Posted to user@spark.apache.org by Ghousia Taj <gh...@gmail.com> on 2014/06/19 14:26:36 UTC
Query on Merge Message (Graph: pregel operator)
Hi,
Can someone please clarify a small query on Graph.pregel operator. As per
the documentation on merge Message function, only two inbound messages can
be merged to a single value. Is it the actual case, if so how can one merge
n inbound messages .
Any help is truly appreciated.
Many Thanks,
Ghousia.
--
View this message in context: http://apache-spark-user-list.1001560.n3.nabble.com/Query-on-Merge-Message-Graph-pregel-operator-tp7909.html
Sent from the Apache Spark User List mailing list archive at Nabble.com.
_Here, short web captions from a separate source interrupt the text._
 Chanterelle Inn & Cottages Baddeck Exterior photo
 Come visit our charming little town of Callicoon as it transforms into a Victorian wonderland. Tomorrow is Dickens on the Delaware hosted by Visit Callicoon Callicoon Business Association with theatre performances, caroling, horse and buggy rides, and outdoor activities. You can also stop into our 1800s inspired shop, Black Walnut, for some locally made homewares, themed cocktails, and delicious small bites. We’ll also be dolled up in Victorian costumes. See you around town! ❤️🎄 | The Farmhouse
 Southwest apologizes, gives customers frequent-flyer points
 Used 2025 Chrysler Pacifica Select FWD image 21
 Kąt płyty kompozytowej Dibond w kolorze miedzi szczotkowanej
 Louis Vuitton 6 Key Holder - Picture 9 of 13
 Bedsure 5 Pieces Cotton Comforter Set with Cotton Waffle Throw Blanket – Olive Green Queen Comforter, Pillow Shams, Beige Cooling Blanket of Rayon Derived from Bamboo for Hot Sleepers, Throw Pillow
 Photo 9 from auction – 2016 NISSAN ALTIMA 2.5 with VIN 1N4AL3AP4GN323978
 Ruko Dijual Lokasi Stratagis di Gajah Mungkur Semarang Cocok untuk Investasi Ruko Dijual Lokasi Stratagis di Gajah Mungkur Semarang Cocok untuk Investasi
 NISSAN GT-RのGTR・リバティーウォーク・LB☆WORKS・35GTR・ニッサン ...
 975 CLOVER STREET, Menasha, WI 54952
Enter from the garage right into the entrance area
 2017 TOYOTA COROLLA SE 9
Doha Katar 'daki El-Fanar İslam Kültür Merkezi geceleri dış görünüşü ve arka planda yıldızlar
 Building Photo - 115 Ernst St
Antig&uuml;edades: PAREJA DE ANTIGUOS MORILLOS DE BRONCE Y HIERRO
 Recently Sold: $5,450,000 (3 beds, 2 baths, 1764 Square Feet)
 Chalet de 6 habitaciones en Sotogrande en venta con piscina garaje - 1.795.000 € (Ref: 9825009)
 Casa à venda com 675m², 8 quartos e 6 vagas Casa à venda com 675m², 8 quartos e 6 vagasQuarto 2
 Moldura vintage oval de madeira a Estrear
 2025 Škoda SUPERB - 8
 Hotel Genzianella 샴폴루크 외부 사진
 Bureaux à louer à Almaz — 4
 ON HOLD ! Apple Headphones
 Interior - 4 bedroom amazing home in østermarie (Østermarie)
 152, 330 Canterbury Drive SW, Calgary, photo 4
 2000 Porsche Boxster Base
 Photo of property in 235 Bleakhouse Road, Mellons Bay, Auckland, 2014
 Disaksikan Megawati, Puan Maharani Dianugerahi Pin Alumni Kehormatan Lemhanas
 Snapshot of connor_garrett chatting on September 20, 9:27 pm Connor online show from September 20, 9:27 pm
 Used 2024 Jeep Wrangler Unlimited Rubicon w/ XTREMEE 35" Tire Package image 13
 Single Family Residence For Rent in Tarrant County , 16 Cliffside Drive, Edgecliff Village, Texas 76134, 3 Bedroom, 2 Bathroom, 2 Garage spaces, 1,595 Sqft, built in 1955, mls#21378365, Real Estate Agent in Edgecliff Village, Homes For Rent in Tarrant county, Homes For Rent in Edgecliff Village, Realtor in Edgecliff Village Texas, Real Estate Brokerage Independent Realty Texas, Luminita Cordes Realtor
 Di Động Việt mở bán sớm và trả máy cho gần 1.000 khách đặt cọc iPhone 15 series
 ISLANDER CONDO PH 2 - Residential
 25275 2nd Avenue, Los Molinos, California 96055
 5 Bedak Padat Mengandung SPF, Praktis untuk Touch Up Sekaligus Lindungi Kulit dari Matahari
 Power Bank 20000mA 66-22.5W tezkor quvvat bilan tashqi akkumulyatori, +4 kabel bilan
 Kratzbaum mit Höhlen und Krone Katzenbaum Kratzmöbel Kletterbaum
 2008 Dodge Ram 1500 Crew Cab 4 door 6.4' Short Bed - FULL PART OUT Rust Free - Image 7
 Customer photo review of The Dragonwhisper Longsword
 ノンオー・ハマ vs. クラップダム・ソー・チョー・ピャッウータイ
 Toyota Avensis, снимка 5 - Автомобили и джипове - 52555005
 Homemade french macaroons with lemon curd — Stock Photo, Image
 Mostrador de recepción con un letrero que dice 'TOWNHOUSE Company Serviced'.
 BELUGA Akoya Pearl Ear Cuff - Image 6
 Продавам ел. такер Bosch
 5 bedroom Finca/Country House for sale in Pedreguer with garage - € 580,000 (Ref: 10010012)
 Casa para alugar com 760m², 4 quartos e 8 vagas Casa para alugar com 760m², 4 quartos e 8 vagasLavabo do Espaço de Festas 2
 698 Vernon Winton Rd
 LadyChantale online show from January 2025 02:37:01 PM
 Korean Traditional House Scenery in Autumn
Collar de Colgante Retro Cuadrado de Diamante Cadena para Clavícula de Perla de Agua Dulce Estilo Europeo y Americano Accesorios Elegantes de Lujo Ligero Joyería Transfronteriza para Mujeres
Re: Query on Merge Message (Graph: pregel operator)
Posted by Ankur Dave <an...@gmail.com>.
Many merge operations can be broken up to work incrementally. For example,
if the merge operation is to sum *n* rank updates, then you can set mergeMsg
= (a, b) => a + b and this function will be applied to all *n* updates in
arbitrary order to yield a final sum. Addition, multiplication, min, max,
and mean are operations that work in this manner (they are associative and
commutative).
If you absolutely must operate on all *n* messages at once, for example to
find the median, then a workaround is to emit Array(m) instead of m in the
sendMsg function, and then to set mergeMsg = (a, b) => a ++ b. This will
accumulate all inbound messages into an array which you can access in vprog.
However, it will be much slower for graphs with high-degree vertices,
because the accumulated arrays can grow very large.
Ankur <http://www.ankurdave.com/>